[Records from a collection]
'''

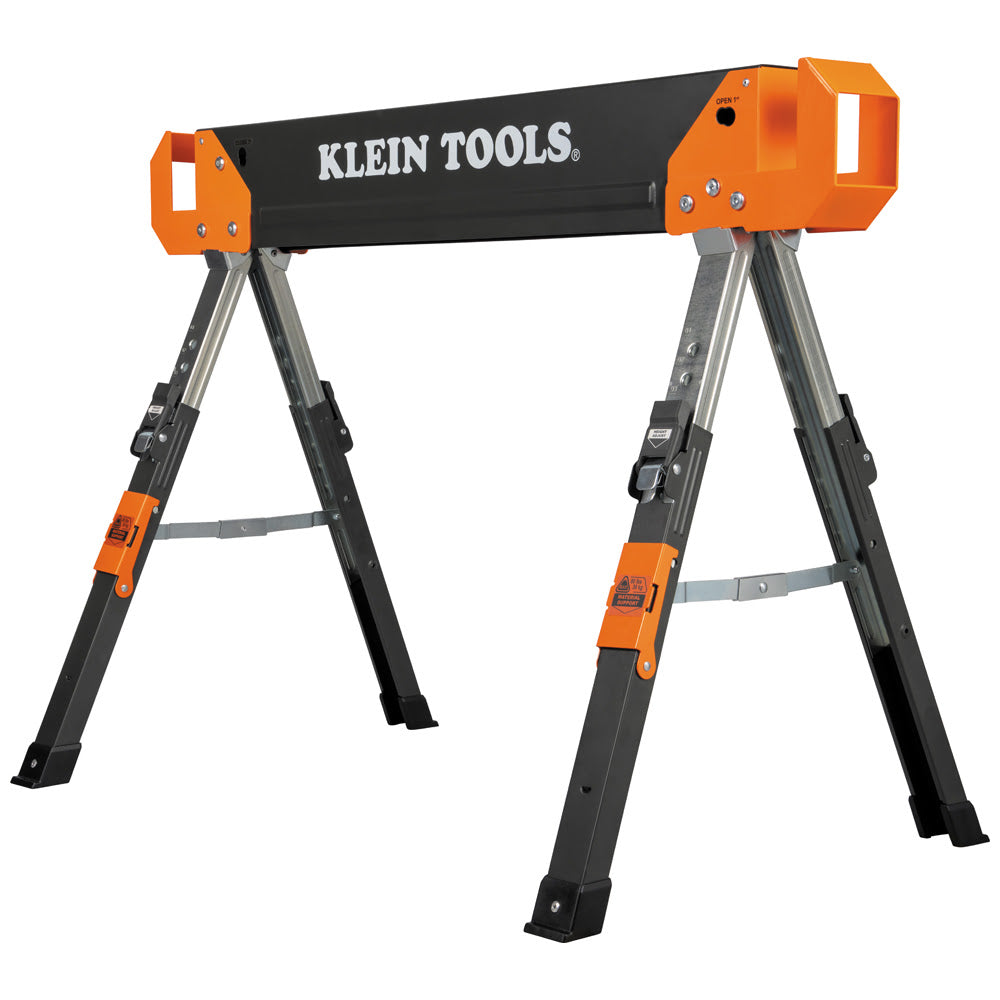 Klein 66188 Adjustable-Leg Folding Saw Horse and Jobsite Table, 1-Pack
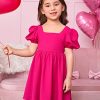 41OGdr2qo3L.jpg Toddler Girl's Square Neck Short Puff Sleeve A Line Flared Tie Back Cute Mini Dress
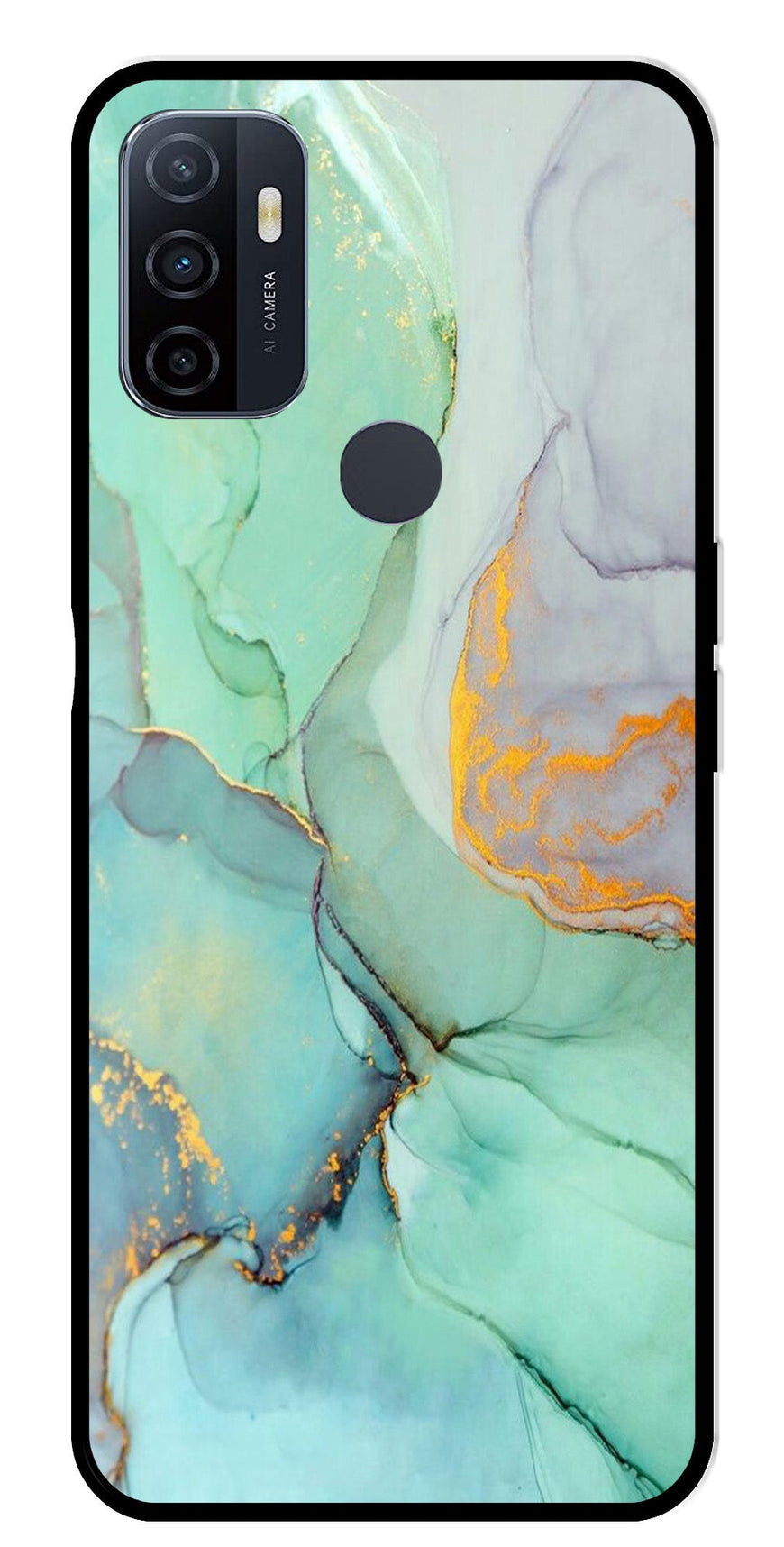 Marble Design Metal Mobile Case for Oppo A53   (Design No -46)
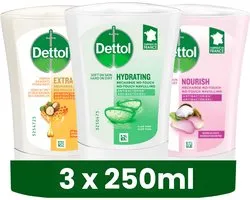 Dettol No-Touch Navulling - Aloe Vera - Extra Care Honey & Sheabutter - Sheabutter - 250ML x 3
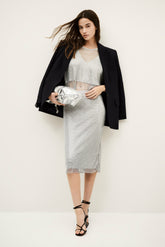 Midi Skirt Meshy Silver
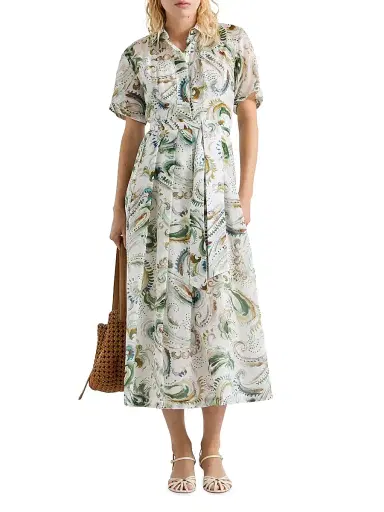 Marella Women's Cotton and Silk Voile Dress - Optical White | Thumbnail 3
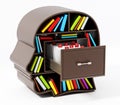 Index card catalogue inside head library drawer. 3D illustration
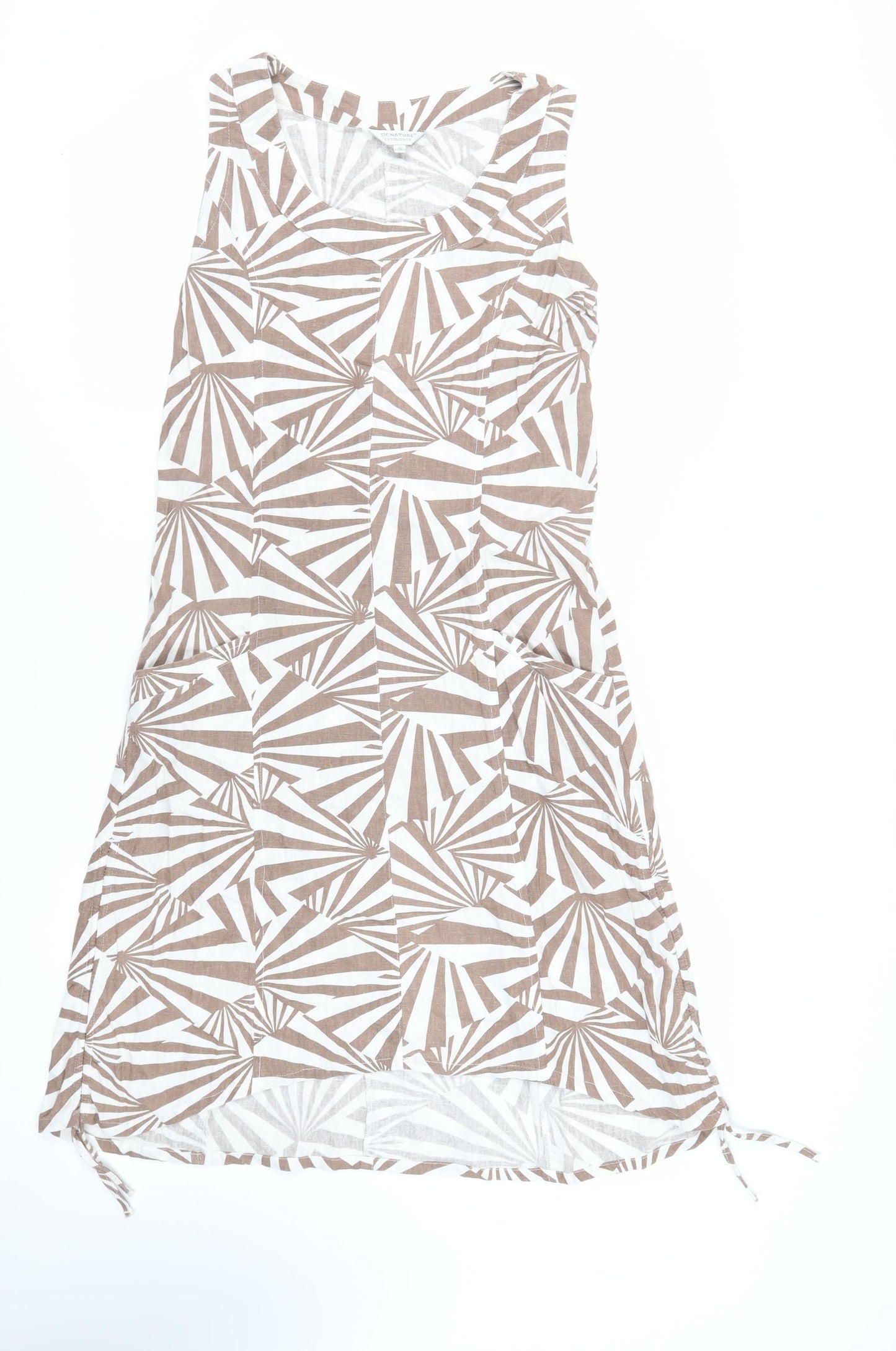 Signature Experience Womens Ivory Geometric Viscose A-Line Size S Boat Neck Pullover - Pockets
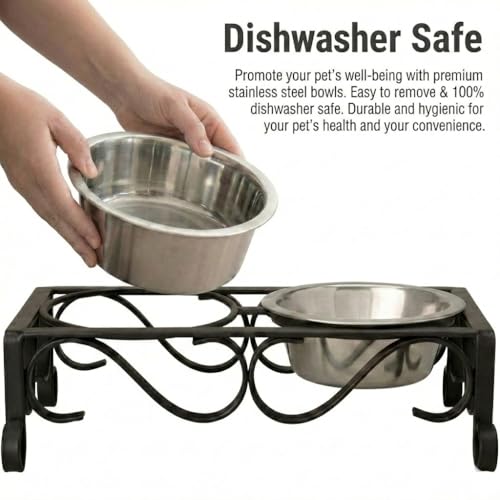 Loving Pets Elevated Dog Bowls – Raised Stainless Steel Dog Bowls with Steel Stand – Non-Skid, No Spill Feeder for Small, Medium & Large Dogs – Easy to Clean, Durable Raised Dog Feeding Station - color: Matte Black, size: 1 Quart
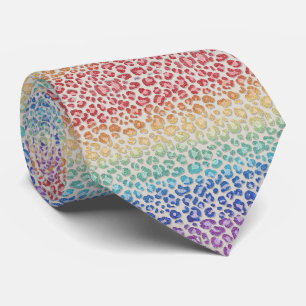 Nep Glitter Regenboog Luipaardprint Halseinde Stropdas
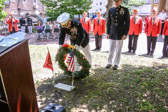 Col. John C. Church, Jr. laying wreath at the marker for the1st Commandant of the United States Marine Corps, Samuel Nicholas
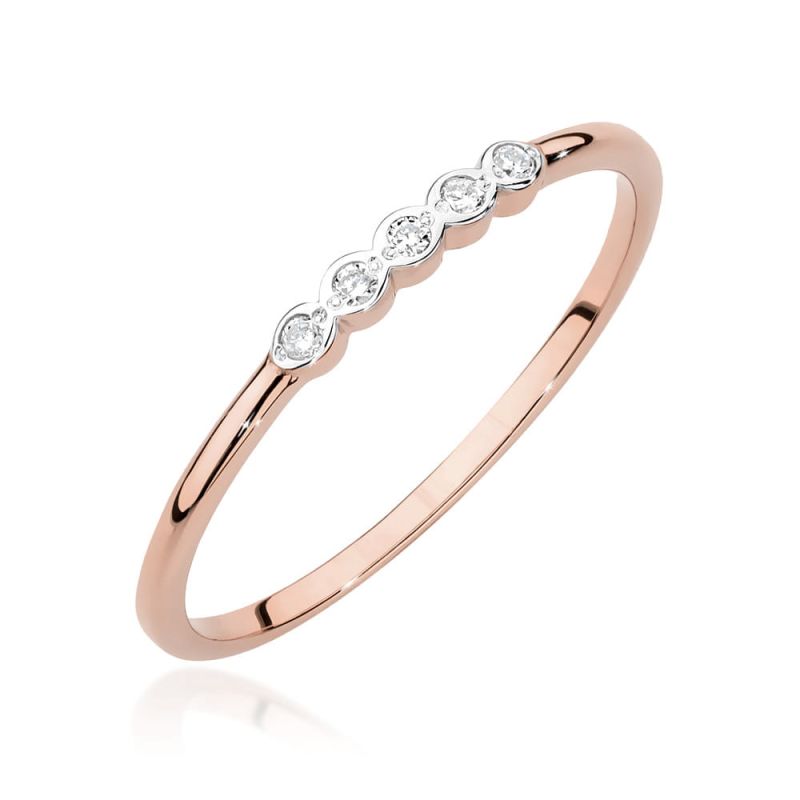 Prsteň W0638 s diamantmi, ružové zlato Au 585/1000 2
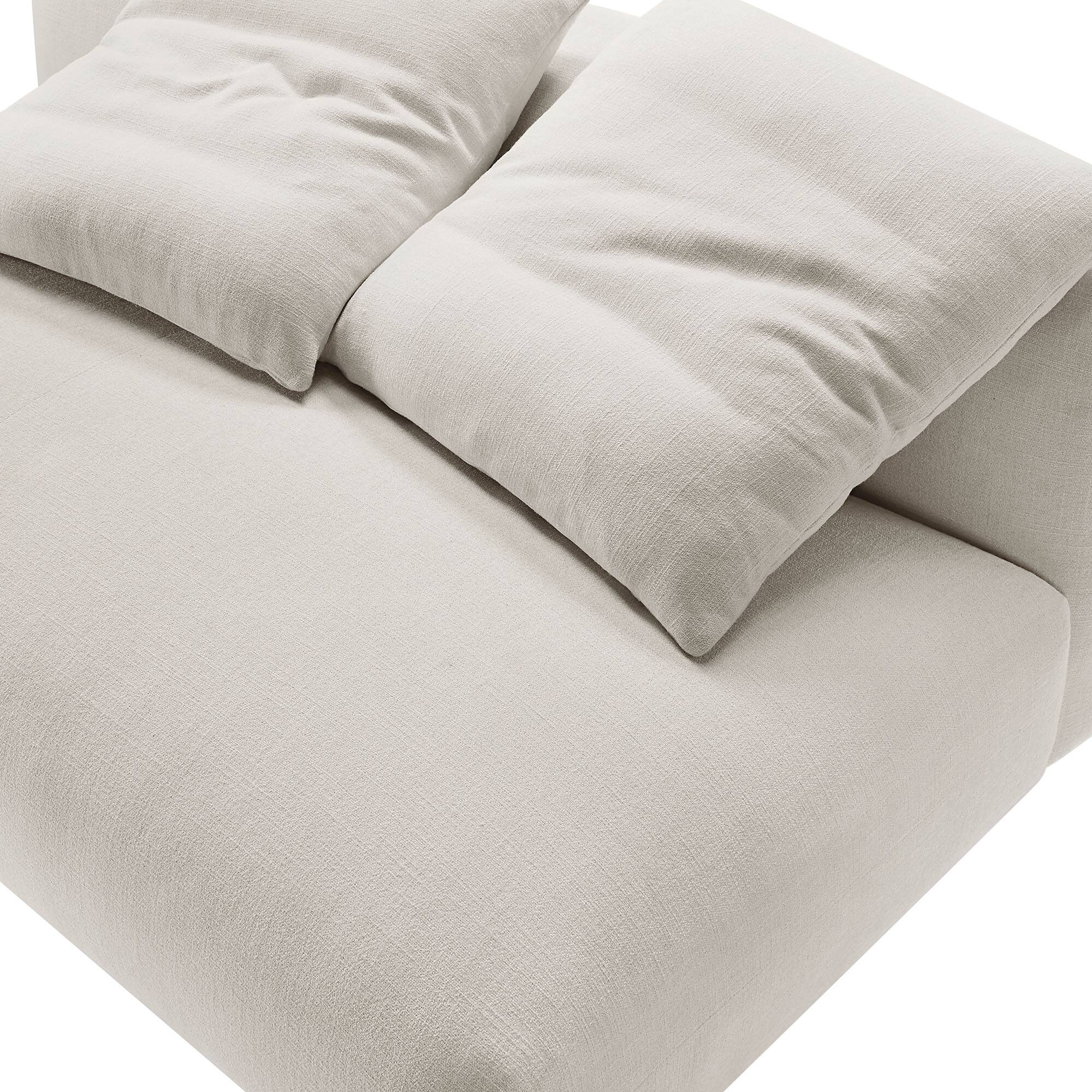 Alt View 6. Modway - Solace Modular Upholstered Fabric Armless Loveseat by Modway - Salt.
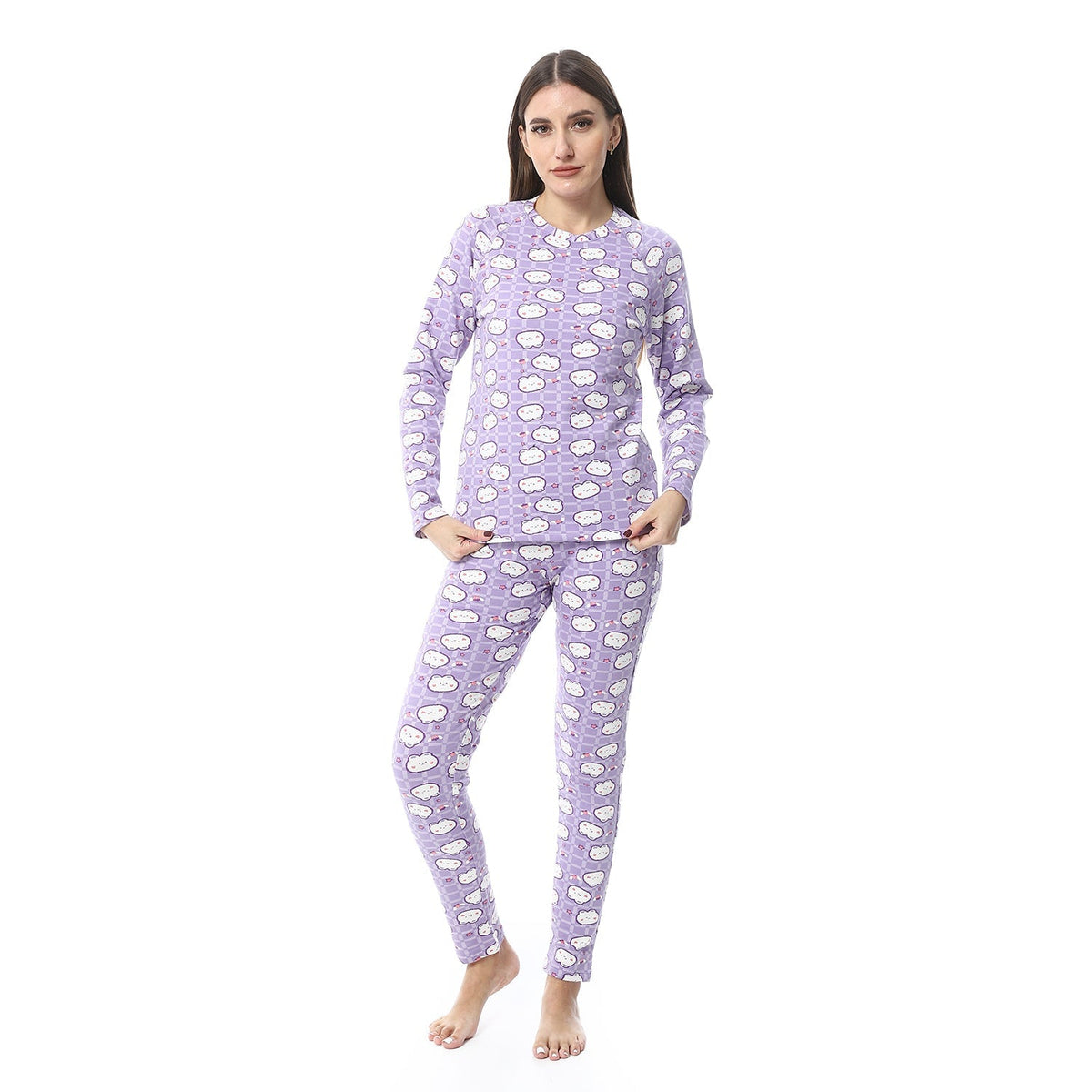 Women Printed Thermal Set Padded Inside - Purple - Red Cotton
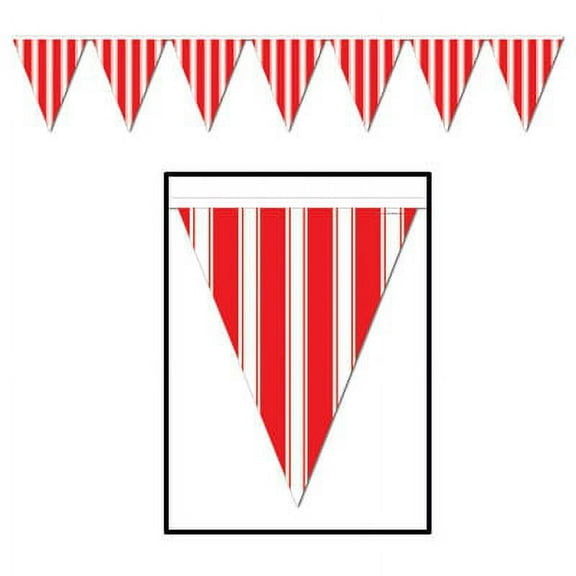 Pack of 12 Red and White Striped Circus Carnival Pennant Banners 12'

'''

**Required work:** Nothing but the lines from the one holding "Loving Pets Elevated" to the end of the entries above should be echoed, exactly and with both ends included; omit the pictures.

**Answer to this problem:**
 Loving Pets Elevated Dog Bowls – Raised Stainless Steel Dog Bowls with Steel Stand – Non-Skid, No Spill Feeder for Small, Medium & Large Dogs – Easy to Clean, Durable Raised Dog Feeding Station - color: Matte Black, size: 1 Quart
 Nep Glitter Regenboog Luipaardprint Halseinde Stropdas
 Col. John C. Church, Jr. laying wreath at the marker for the1st Commandant of the United States Marine Corps, Samuel Nicholas
 Prsteň W0638 s diamantmi, ružové zlato Au 585/1000 2
 Alt View 6. Modway - Solace Modular Upholstered Fabric Armless Loveseat by Modway - Salt.
 Women Printed Thermal Set Padded Inside - Purple - Red Cotton
 Pack of 12 Red and White Striped Circus Carnival Pennant Banners 12'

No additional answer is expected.